# Melitta System Error 13



## Marlowe (Apr 26, 2020)

Hi all,

First post here, thanks for creating a forum for coffee appreciators!

Does anyone know what area of fault is referred to by 'System Error 13?' I've tried everywhere online. Melitta just want me to return my machine for a repair that costs more than the machine (4 year old Passione OT).

I've spent several days on the machine and at my wit's end. The drive unit was struggling to turn over the brewing unit, so I replaced the brewing unit (£50). That didn't work so I replaced the drive unit (£80). The drive now turns freely on startup but I now get 'Error 13' followed by the machine resetting. All other usual errors e.g. insert water, insert drip tray, insert brewing unit work as normal.

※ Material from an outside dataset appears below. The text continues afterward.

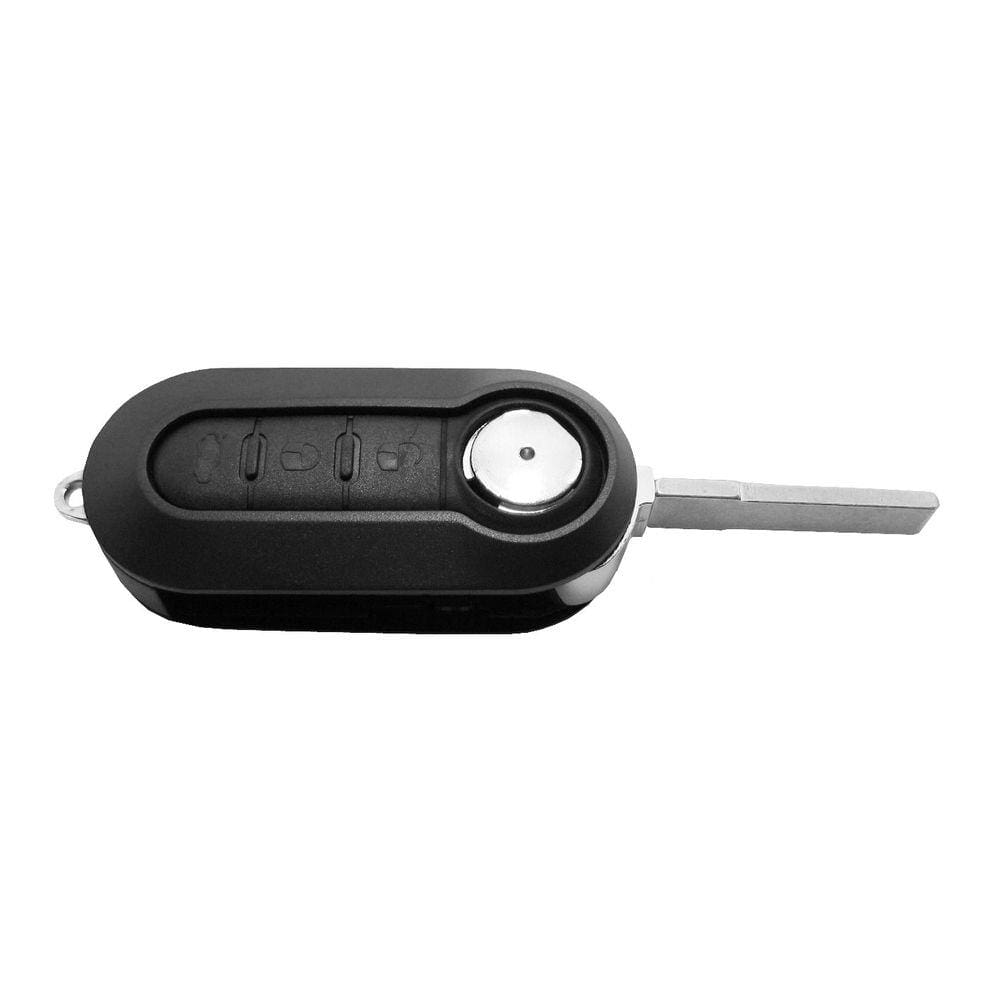 Chave Canivete Fiat Novo Preta C/ Lâmina P/ Alarme PST 293/300 - 15932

I carefully used photos to rebuild so I'm confident wiring and hoses etc are connected correctly. The error comes up after a short pause that follows the initial drive turn over of the brewing unit, so I'm wondering if it's a hose issue but can see no connection issues. The heater element warms up also so I don't believe it's an electrical / wiring fault.

Could anyone please advise? I really don't want to get rid of my machine but I've not had a decent coffee since 2019!


----------



## Jaxx (Jan 15, 2022)

Hi Marlowe,

We too have this problem, did you manage to resolve it or did you have to ditch the machine in the end?

TIA,


----------